**Exercise directions:** Extract, exactly as written, all lines of the material below from the line that includes "How to Replace" through its last line.

Top of Entries shown

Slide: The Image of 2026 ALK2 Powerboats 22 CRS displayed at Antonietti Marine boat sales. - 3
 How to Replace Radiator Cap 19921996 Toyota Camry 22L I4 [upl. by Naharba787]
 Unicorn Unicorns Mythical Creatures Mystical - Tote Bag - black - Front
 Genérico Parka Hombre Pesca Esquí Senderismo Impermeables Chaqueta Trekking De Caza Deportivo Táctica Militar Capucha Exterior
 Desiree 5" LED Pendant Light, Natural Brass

Bottom of Entries shown

**Exercise solution:**
 How to Replace Radiator Cap 19921996 Toyota Camry 22L I4 [upl. by Naharba787]
 Unicorn Unicorns Mythical Creatures Mystical - Tote Bag - black - Front
 Genérico Parka Hombre Pesca Esquí Senderismo Impermeables Chaqueta Trekking De Caza Deportivo Táctica Militar Capucha Exterior
 Desiree 5" LED Pendant Light, Natural Brass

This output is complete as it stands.